December US job growth beats expectations

*

Walgreens set for best day since 1980 after Q1 profit beat

*

Constellation Brands ( STZ ) slides after trimming FY forecasts

*

University of Michigan survey showed consumer sentiment

dropped

(Updates to market close)

By Johann M Cherian, Sukriti Gupta and Carolina Mandl

Jan 10 (Reuters) - U.S. stocks sank on Friday, with the

S&P 500 erasing its 2025 gains, after an upbeat jobs report

stoked fresh inflation fears, reinforcing bets that the Federal

Reserve will be cautious in cutting interest rates this year.

Wall Street's main indexes closed their second consecutive

week in the red.

"We started the year on the wrong foot," said Sam

Stovall, market strategist at CFRA Research, commenting on the

impact of a hotter-than-expected job data on equities. He added

the environment for stocks could become "quite challenging."

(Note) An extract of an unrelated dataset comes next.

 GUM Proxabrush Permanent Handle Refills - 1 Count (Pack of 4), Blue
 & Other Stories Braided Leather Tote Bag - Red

According to preliminary data, the S&P 500 lost 91.26

points, or 1.54%, to end at 5,826.99 points, while the Nasdaq

Composite lost 318.69 points, or 1.64%, to 19,160.19.

The Dow Jones Industrial Average fell 698.14 points, or

1.64%, to 41,937.06.

The domestically focused small-cap Russell 2000 index

also fell. Wall Street's fear gauge hit a three-week high

on Friday.

A Labor Department report showed job growth unexpectedly

accelerated in December while the unemployment rate fell to 4.1%

as the labor market ended the year on a strong note.

A hotter-than-expected job gain could translate into faster

economic expansion, leading to a rise in prices. To contain a

still-elevated inflation, the Fed could be forced to take a more

conservative stance on rate cuts this year.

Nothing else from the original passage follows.